Problem requirements:
Please copy, word for word, the line holding "Diode Laser Hair Removal Step 3" and each line that follows it through the end of the entries, omitting any pictures.

Recorded data:

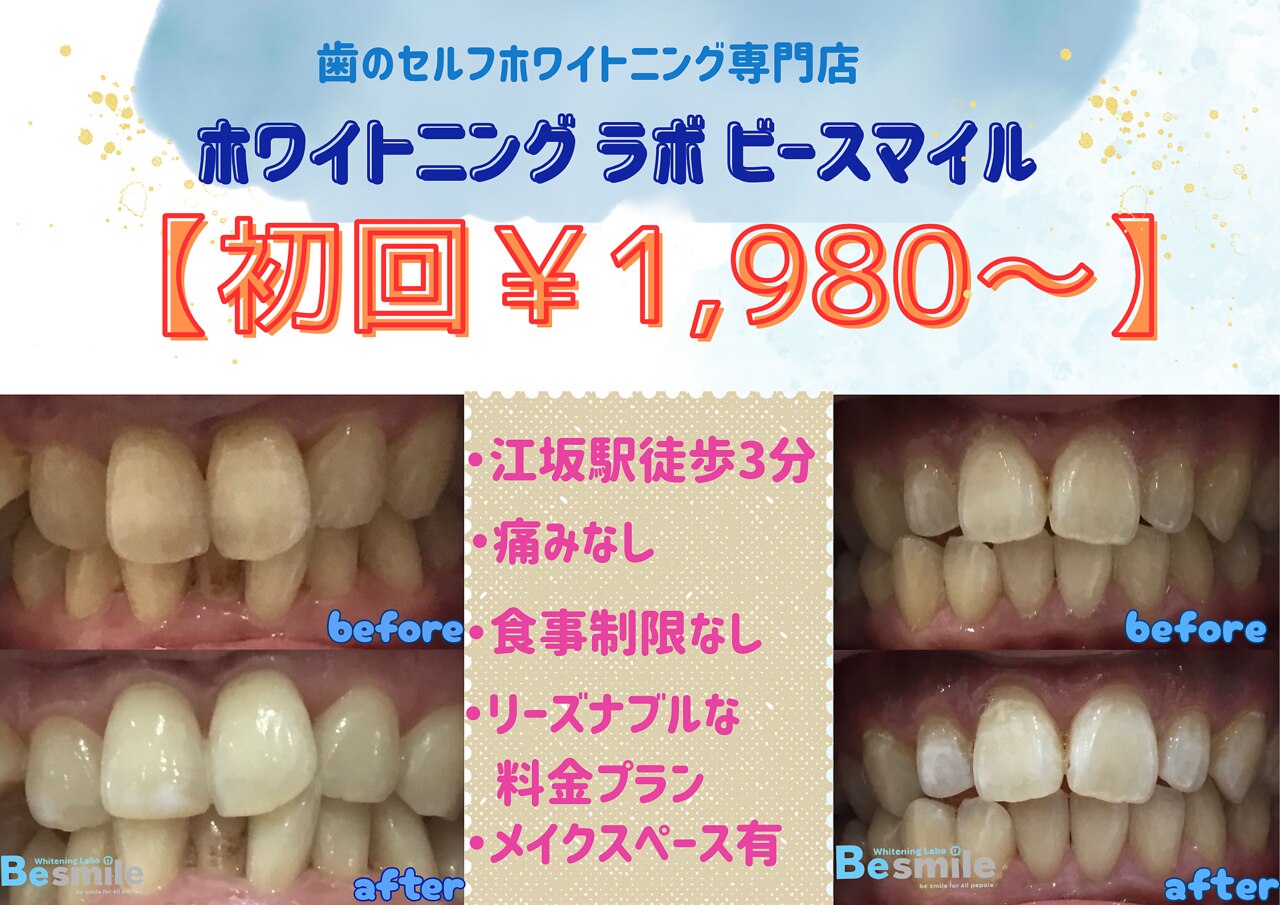 ホワイトニングラボ ビースマイル(WhiteningLabo Besmile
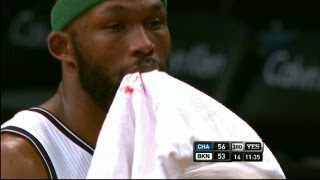 Reggie Evans Gets Tooth Knocked Out, Stays In Game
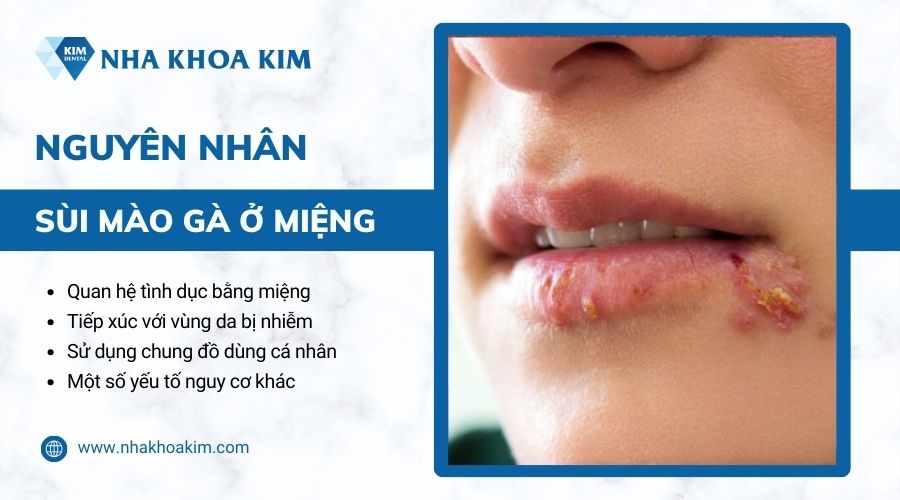 nguyên nhân sùi mào gà ở miệng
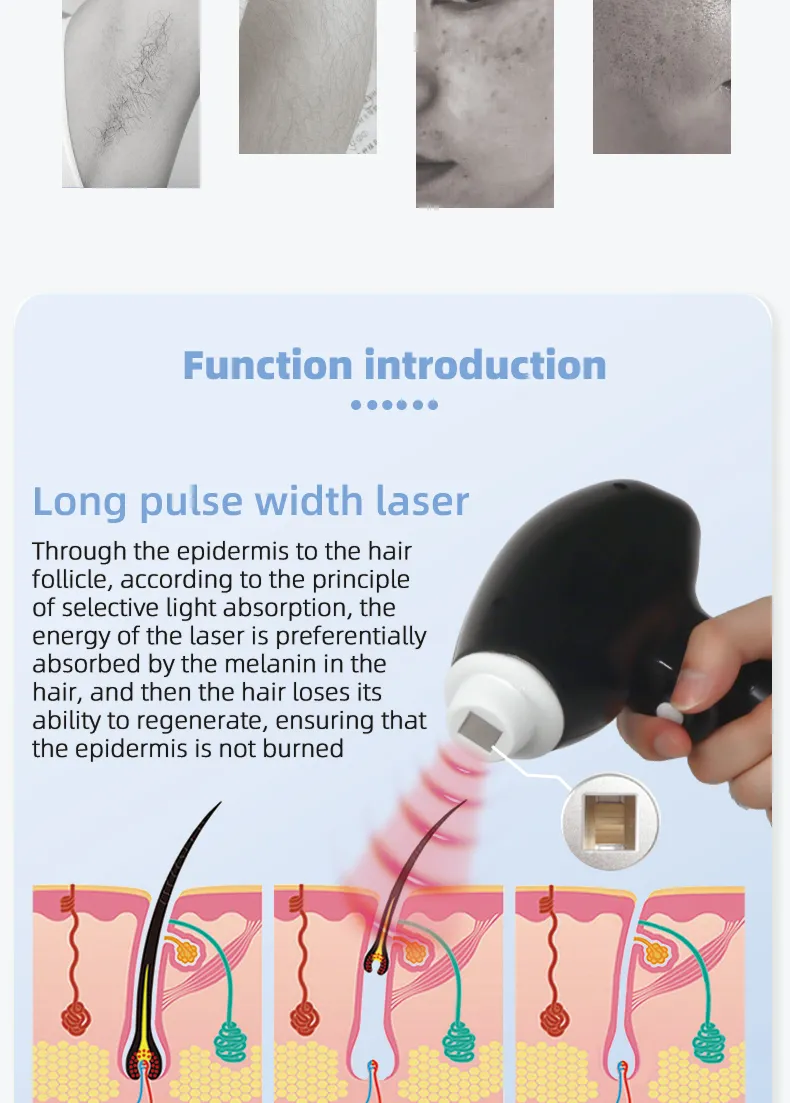 Diode Laser Hair Removal Step 3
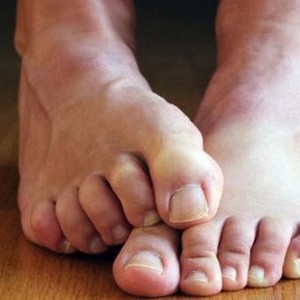 Лечение грибка ногтей Хлоргексидином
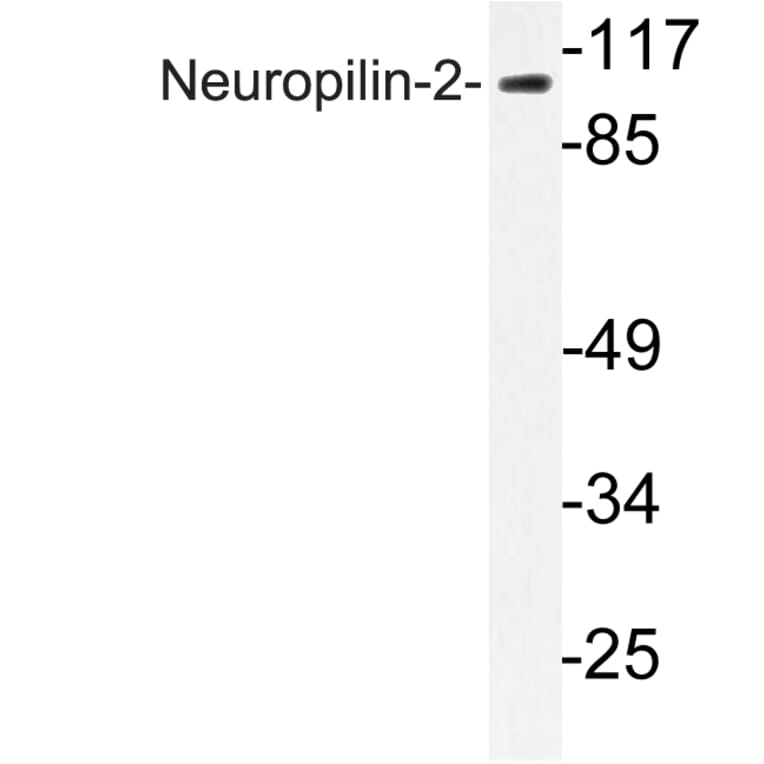 Western Blot - Anti-Neuropilin-2 Antibody (R12-2259) - Antibodies.com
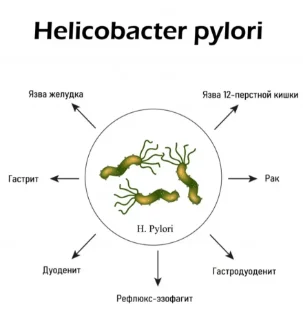 Антитела к Helicobacter pylori: иммуноферментный анализ. Helicobacter Pylori IgM (антитела класса IgM к Helicobacter pyl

Output of the task:
 Diode Laser Hair Removal Step 3
 Лечение грибка ногтей Хлоргексидином
 Western Blot - Anti-Neuropilin-2 Antibody (R12-2259) - Antibodies.com
 Антитела к Helicobacter pylori: иммуноферментный анализ. Helicobacter Pylori IgM (антитела класса IgM к Helicobacter pyl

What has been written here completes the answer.